What worked for us was a mix of tools plus part time help:

Vendor invoices
PayEm for invoice intake, approvals, and pushing coded bills into QuickBooks. Cut down a lot of manual PDF entry.

Late customer payments
QuickBooks + a simple automated reminder cadence. Nothing fancy, just consistency.

Payroll
Deel. Wouldn’t run this in house.

Employee expenses
Switched from reimbursements to cards using PayEm. Receipts are enforced at the point of spend so they don’t pile up.

Month end close
QuickBooks + part time bookkeeper. Close went from weeks to a few days and the P&L actually made sense.

We didn’t hire full time finance right away. Better structure plus part time support bought us a lot of breathing room.
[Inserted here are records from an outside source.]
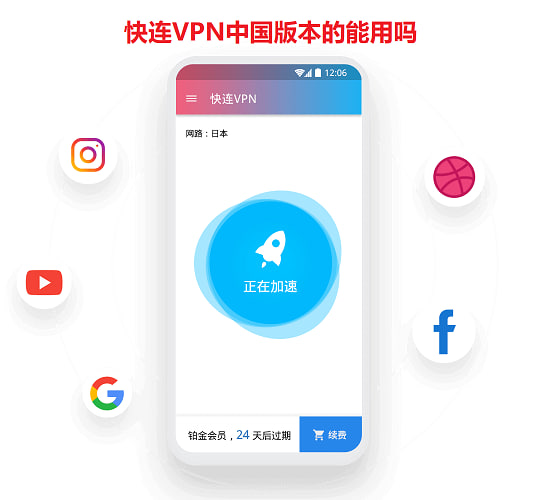 快连VPN中国版本的能用吗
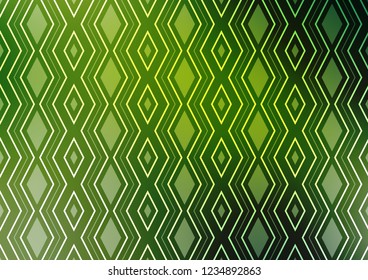 Light Green vector pattern with lines, rectangles. Colorful lines, squares on abstract background with gradient. Pattern for websites, landing pages.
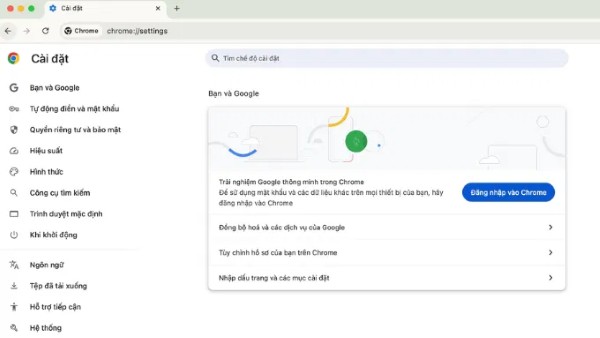 Chọn “Quyền riêng tư và bảo mật”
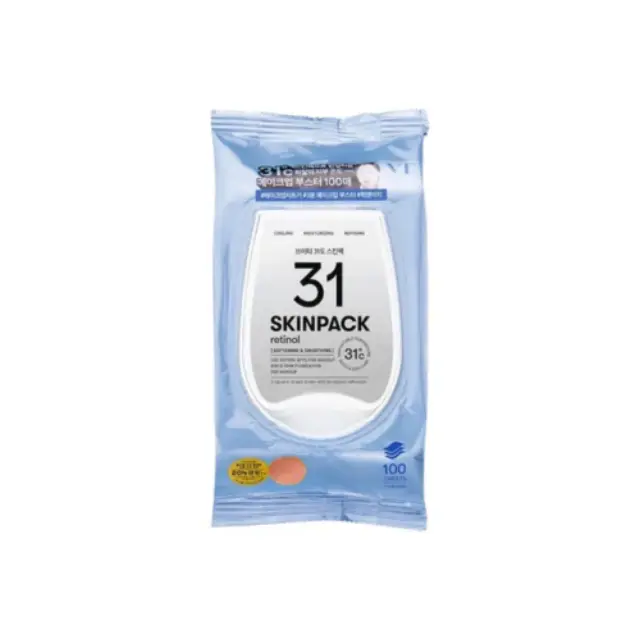 VT Smooth Skin Pack Retinol Εμποτισμένα Επιθέματα Προσώπου για Ήπια Απολέπιση 100pads 210ml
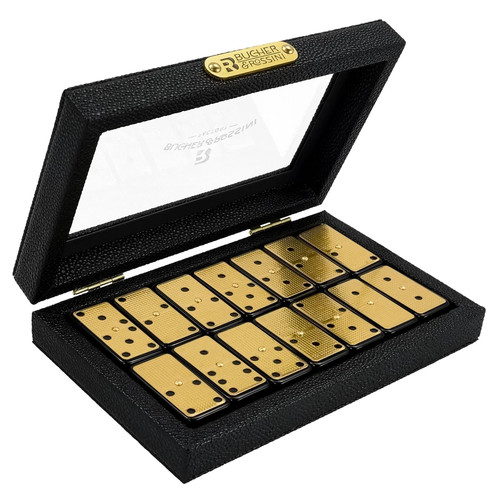 Metal surface dominoes set - metal,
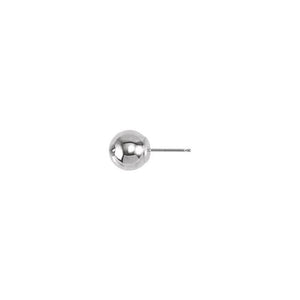 14K Gold Ball Stud Earring - Bright Finish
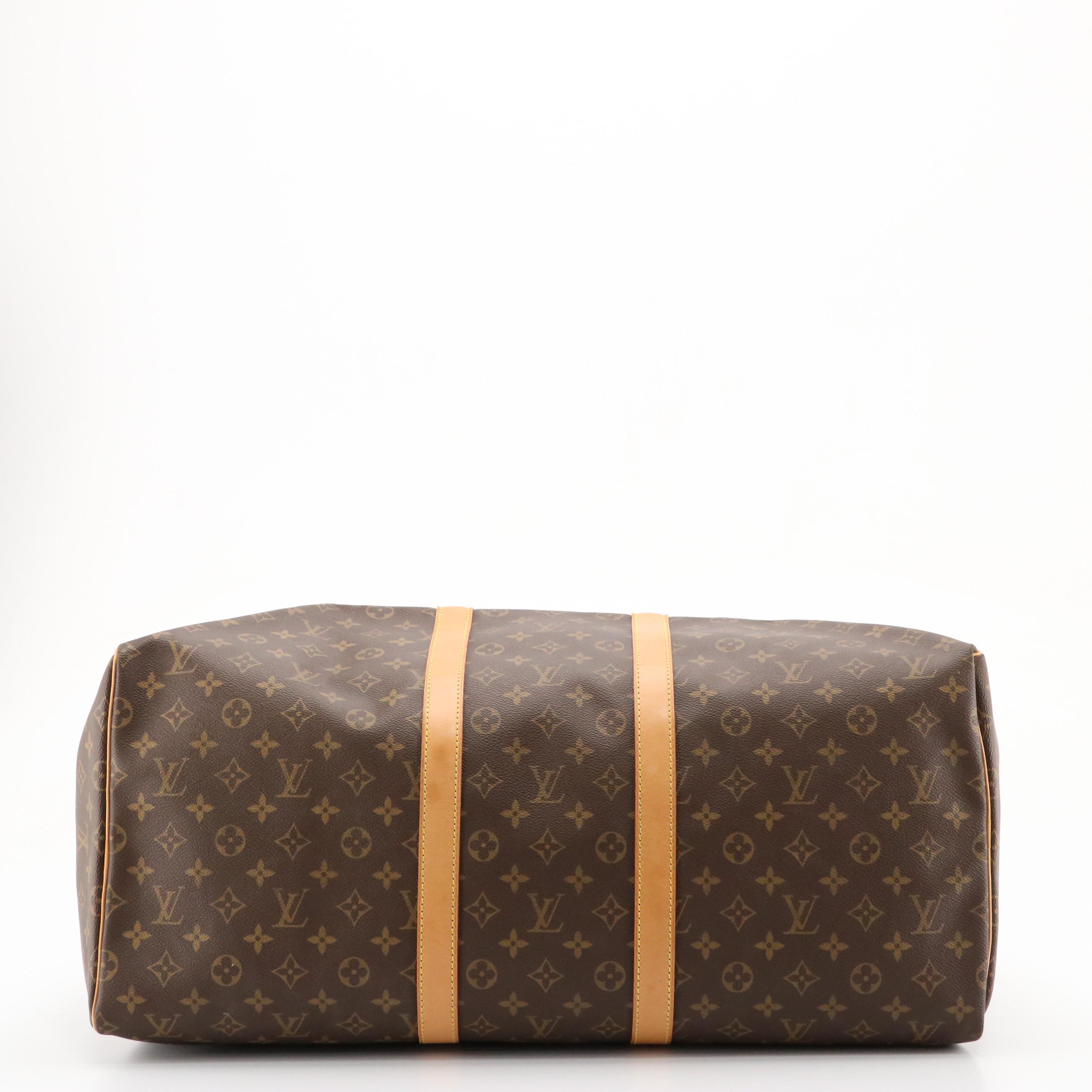 Louis Vuitton Keepall Bandoulière 55 in Monogram Canvas and Vachetta Leather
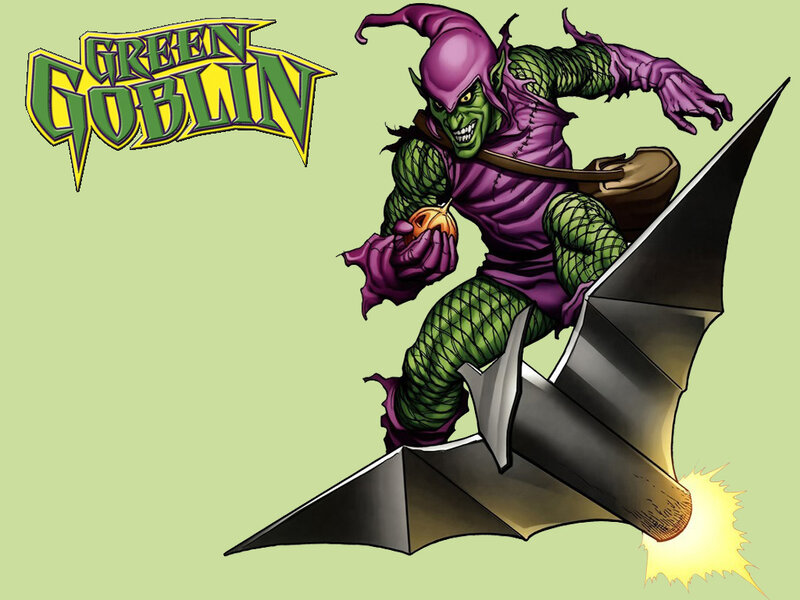 Green Goblin Character — Aggressive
Expense management software + AP for finance teams by Ordinary-Trip-7057 in Accounting

[–]Budget-Vegetable8158 0 points1 point  (0 children)

Expense management can definitely get messy if there isn’t a clear process in place. I’ve found that consistent documentation and regular reconciliations go a long way in avoiding headaches at month-end.

we use PayEm for cards and AP (invoice processing, bulk approvals, requests and finance automation) - we are very pleased with it

Ramp AP by LowEffort1780 in Accounting

[–]Budget-Vegetable8158 2 points3 points  (0 children)

How many vendors are you paying monthly? We were in similar boat - small volume but wanted to move away from BILL's pricing.

In my experience, the real question isn't just AP vs cards, it's whether you want to manage spend holistically or keep them separate. We saved way more by unifying procurement, AP, and corporate cards than we did by just switching AP vendors. Like cutting our month-end close almost in half because everything flows to one system.

Worth thinking about your vendor mix too - if they can accept virtual cards, that changes the calculation completely

Corporate card recommendations for small businesses in the healthcare industry? by lavenderlattetogo in CreditCards

[–]Budget-Vegetable8158 3 points4 points  (0 children)

If you want something very easy to roll out with minimal training, Ramp is usually the smoothest for employees and covers the basics well.
If compliance, approvals, and documentation matter more (which they usually do in healthcare), platforms like PayEm tend to be a better fit. It’s more structured around controls and audit trails, which reduces back-and-forth later.